Camping tarps are worth it, especially if you plan to use one as a part of your shelter. Camping tarps have many uses, from shade shelters, rain shelters, covering gear, or a ground tarp to protect the bottom of your tent. Invest in a tent that fits your intended use to get the most out of using it for camping.
Q: How much do camping tarps cost?
How much camping tarps cost greatly depends on the quality and intended use. You can get a tarp for as little as $5, or you can pay upwards of $150—the product materials, durability, size, versatility, and waterproofing all factor into the price.
Q: What kind of camping tarp shouldI get?
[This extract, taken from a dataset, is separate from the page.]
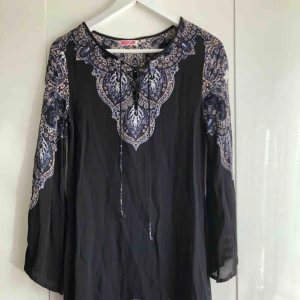  - Bohemisk klänning från Indiska.  Aldrig kommit till någon användning så den är precis som ny! Orginalpris 500kr, mitt pris 50kr +  frakt 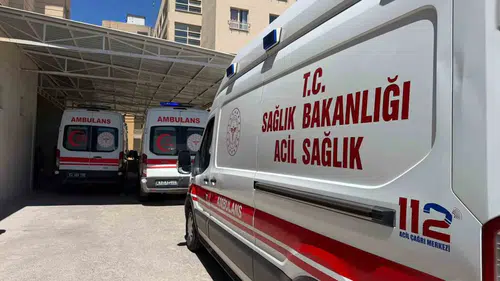 Düzce'deki fındık işçisi kazasında hayatını kaybedenler Siverek'te toprağa verildi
The kind of camping tarp you should get depends on your needs and how you plan to use it. When choosing a camping tarp, waterproofing and durability are two key things to look at. The versatility of the tarp may not be as pressing, but it is a nice perk. Read through our buying considerations to help you narrow down the best camping tarp for your needs.
Q: How thick should a camping tarp be?
How thick a camping tarp should also be can be determined by the intended use. For instance, a ground tarp only needs to be around 2mm thick, whereas, for general use, like covering items of use as shelter, 5mm thick or more is ideal.
Q: Is a tarp better than a tent?
In use as a shelter, tents offer better protection overall. Tarps are excellent for survival, ultralight setups, and hammock camping. Tents give full coverage from rain, and they seal, keeping out bugs and other pests. Tarps are more packable and have versatile uses, but tents often do a better job in terms of shelter.
Q: What is the strongest tarp material?
Tarps made from vinyl-coated polyester or high-density polyethylene are among the strongest and most durable options. Other tarps materials like canvas and nylon are also very strong but don’t always perform as well in packability and waterproofing.
Final Thoughts on the Best Camping Tarps
Camping tarps can be used for various purposes, and it’s better to have one that isn’t perfect for your needs than not have one. Err on the side of too big instead of too small—you can always fold the excess over. Tarps aren’t expensive, so buying one is a worthwhile investment. Even if you didn’t find the best camping tarp for you on our list, reference our buying considerations to help you make the best choice for your needs.